Citra Guru Yang Diharapkan
Masyarakat kita dewasa ini semakin menuntut apa yang mereka inginkan dari lembaga pendidikan, yakni pengatahuan dan ketrampilan serta Integritas seorang guru yang menunjang masa depan bagi putra putrinya. Dalam upaya memenuhi tuntutan itu pemerintah dari waktu ke waktu mengkajih dan melakukan perubahan pada kurikulum pendidikan dan menyiapkan sarana prasarana pendidikan yang ramah dan layak baik siswa-siswi mulai dari jenjang PAUD sampai Perguruan Tinggi.
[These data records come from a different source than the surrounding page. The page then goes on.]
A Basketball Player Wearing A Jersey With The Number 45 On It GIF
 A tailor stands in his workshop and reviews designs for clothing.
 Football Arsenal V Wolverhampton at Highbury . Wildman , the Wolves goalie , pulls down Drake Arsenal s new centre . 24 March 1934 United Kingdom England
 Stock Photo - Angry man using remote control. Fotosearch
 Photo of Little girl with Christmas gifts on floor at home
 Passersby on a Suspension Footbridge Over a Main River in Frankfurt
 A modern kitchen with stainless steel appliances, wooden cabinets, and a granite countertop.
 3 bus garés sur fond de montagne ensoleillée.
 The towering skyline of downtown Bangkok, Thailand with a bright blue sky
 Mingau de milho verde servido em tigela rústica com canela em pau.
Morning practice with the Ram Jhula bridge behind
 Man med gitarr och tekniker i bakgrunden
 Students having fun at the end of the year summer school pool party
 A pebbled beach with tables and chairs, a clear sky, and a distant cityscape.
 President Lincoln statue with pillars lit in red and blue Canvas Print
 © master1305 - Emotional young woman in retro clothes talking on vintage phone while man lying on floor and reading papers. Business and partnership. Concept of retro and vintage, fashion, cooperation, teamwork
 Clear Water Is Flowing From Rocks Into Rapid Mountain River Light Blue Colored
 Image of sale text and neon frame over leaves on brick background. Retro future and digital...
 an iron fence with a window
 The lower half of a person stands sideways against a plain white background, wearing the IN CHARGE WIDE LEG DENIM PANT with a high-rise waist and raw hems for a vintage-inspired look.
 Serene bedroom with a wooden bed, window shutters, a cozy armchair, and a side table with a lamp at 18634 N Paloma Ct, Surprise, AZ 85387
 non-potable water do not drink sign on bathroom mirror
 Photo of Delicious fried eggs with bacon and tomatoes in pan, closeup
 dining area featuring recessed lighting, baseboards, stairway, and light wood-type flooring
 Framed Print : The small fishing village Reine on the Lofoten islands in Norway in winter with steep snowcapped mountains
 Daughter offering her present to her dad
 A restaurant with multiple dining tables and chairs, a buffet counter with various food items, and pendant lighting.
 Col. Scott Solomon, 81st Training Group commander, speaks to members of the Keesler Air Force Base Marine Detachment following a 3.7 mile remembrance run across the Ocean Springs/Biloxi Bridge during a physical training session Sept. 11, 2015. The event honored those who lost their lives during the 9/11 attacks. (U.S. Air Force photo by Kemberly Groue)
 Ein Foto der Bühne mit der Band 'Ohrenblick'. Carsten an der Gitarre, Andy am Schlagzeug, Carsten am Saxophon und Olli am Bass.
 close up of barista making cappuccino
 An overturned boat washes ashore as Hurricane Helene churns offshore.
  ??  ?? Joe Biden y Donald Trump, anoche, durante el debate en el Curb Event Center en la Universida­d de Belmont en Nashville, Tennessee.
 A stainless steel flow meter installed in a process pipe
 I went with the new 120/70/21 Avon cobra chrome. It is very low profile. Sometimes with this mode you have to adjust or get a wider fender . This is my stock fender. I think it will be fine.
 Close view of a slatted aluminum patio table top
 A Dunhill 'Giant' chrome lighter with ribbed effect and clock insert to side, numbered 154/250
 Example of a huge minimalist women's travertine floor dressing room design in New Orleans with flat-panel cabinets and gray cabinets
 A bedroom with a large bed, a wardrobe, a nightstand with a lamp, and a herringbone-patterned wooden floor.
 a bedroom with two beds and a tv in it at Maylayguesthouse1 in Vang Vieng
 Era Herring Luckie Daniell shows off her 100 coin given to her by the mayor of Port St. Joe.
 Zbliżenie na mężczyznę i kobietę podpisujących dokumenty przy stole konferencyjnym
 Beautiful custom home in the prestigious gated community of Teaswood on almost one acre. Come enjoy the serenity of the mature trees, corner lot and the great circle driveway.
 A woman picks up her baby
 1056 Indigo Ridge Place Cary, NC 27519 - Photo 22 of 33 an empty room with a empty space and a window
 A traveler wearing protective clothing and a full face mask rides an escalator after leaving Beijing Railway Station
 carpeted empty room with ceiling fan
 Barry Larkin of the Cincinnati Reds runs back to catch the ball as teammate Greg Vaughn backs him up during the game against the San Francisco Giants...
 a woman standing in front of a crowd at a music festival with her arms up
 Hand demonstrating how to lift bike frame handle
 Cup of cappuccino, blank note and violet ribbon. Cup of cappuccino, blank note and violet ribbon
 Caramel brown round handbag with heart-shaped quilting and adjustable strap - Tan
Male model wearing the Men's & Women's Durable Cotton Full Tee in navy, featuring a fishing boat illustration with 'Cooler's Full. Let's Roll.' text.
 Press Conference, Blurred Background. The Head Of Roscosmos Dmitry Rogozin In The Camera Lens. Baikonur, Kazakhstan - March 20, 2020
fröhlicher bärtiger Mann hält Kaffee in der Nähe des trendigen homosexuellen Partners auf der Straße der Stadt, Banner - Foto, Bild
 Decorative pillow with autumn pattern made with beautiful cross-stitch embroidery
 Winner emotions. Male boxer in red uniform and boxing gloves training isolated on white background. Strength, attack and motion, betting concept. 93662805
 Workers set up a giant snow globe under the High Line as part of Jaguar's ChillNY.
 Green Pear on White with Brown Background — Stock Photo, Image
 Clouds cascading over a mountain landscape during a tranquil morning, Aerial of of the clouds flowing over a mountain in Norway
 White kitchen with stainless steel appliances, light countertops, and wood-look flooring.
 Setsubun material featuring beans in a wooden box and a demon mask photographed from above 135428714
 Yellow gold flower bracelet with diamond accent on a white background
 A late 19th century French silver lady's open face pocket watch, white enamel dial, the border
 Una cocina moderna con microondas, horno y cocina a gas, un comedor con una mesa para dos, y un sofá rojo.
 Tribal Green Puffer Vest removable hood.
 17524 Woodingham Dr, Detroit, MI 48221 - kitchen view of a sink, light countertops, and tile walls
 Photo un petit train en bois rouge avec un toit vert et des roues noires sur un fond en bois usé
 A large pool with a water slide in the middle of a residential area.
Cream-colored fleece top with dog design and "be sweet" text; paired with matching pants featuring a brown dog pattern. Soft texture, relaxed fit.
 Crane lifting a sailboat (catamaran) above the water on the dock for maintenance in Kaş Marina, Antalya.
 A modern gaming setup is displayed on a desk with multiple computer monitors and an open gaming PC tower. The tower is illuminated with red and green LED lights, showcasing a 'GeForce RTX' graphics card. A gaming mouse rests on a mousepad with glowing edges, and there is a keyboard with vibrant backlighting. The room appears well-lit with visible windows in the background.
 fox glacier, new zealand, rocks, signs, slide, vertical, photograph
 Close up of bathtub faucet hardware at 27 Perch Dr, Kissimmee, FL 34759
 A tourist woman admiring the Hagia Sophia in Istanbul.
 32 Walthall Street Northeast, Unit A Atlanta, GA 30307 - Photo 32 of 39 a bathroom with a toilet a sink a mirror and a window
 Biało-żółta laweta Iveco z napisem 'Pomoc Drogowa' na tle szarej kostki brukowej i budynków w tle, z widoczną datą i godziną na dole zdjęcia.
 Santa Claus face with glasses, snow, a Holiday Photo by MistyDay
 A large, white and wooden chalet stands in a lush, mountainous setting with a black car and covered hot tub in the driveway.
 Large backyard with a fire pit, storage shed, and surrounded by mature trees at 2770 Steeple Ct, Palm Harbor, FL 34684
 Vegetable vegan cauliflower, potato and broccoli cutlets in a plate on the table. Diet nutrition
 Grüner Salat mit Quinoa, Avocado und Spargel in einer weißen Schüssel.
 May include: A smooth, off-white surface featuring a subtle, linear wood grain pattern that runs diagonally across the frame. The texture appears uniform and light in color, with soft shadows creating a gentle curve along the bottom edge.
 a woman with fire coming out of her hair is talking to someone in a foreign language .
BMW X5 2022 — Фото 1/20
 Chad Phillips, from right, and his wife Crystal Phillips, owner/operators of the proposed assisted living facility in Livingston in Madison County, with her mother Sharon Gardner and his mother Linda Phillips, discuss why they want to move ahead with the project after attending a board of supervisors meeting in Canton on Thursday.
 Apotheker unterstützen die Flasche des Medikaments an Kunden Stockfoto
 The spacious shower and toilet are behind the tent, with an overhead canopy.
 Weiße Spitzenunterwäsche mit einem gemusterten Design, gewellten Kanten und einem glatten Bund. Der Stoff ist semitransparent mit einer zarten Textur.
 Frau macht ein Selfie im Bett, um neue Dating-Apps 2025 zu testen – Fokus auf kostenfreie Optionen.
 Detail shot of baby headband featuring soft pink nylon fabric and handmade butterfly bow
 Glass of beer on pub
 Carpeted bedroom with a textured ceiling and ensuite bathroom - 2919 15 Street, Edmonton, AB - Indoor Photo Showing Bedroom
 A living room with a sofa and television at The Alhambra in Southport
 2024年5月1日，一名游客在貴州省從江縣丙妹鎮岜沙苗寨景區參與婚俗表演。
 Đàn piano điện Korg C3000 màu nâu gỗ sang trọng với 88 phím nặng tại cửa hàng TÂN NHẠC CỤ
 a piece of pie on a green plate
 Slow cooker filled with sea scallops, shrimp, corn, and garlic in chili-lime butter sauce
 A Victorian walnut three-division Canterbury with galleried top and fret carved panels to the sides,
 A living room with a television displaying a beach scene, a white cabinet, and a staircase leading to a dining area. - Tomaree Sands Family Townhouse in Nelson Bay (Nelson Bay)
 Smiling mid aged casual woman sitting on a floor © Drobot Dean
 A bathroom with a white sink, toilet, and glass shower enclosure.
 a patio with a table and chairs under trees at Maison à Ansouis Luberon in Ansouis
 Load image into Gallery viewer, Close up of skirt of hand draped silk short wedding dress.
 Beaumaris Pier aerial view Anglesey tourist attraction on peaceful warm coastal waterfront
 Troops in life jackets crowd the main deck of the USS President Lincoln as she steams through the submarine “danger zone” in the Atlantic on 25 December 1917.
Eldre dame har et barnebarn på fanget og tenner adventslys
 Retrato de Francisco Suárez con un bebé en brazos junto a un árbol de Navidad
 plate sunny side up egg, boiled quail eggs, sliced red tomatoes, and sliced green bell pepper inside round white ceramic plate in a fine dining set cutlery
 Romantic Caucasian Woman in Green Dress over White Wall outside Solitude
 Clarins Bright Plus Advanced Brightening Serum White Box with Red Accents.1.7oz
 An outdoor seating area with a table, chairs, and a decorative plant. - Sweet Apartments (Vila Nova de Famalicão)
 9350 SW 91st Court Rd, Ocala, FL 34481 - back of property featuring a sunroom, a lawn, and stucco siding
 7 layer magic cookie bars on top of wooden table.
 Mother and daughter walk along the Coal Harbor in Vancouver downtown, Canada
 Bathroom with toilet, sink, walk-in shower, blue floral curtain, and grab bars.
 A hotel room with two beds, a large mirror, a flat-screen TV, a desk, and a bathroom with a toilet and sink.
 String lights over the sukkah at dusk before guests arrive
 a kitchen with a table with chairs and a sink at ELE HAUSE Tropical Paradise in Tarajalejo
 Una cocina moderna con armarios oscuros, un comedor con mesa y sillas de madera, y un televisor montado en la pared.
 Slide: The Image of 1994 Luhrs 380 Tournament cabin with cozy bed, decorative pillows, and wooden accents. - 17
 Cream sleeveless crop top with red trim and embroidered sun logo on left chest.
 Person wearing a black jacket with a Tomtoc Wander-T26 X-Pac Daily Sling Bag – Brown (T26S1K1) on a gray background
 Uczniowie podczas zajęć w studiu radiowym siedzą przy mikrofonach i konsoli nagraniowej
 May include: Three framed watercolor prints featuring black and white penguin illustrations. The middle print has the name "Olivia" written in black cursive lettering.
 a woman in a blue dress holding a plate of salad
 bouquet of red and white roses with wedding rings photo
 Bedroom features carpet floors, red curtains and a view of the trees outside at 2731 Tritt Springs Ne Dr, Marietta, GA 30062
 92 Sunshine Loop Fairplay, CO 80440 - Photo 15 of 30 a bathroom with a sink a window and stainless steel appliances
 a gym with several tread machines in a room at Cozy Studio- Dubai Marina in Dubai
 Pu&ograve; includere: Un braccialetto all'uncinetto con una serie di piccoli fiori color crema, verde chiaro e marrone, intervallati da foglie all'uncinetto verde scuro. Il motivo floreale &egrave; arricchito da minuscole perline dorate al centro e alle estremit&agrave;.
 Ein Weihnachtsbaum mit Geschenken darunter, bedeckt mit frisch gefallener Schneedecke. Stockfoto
Tugas dan peran guru menjadi lebih besar karena dalam banyak hal sistem dan pendekatan tradisional yang digunakan selama ini tidak lagi memadai. Penggunaan peralatan audio-visual dalam pengajaran misalnya menutut pula ketrampilan ekstra. Tugas mengajar dan pendidikan nilai kini menjadi suatu jabatan baru berbeda dengan sebelumnya seperti dalam kurikulum Mardeka Belajar atau Guru Penggerak yang sekarang lagi gencar disosialiasikan oleh Menteri Pendidikan, Kebudayaan, Tekhnologi dan Riset Mas Nadim. Semua ini bertujuan selain untuk meningkatkan mutu pendidikan,juga integritas dan profesionnalistas Guru sangat diperlukan untuk memajukan dunia pendidikan.
Penutup
Tidak dapat kita sangkal bahwa akselerasi kemajuan di bidang pendidikan Ilmu pengetahuan, tekhonologi dewasa ini menyediakan informasi dan pengetahuan yang hamper tak terbatas baik ditngkat kuantitas maupun kualitas. Kita patut member apresiasi dengan semua perubahaan yang sedang kita alami tetapi perlu dicermati setiap perubahaan tersebut membawa dampak yang luas terhadap dunia pendidikan kita, khususnya terhadapan gambaran diri seorang guru. Namun betapapun hebatnya krisis yang melanda dunia pendidikan kita, sulitlah bagi kita untuk membayangkan dunia pendidikan tanpa guru dan lembaga pendidikan. Bentuk pendidikan pasti berubah sesuai tuntutan zaman tetapi peran guru tetap diberi ruang untuk menjalankan tugas mulianya yakni mendidik dan mengajar putra-putri kita untuk menjadi manusia yang berguna bagi bangsa dan tanah air Indonesia.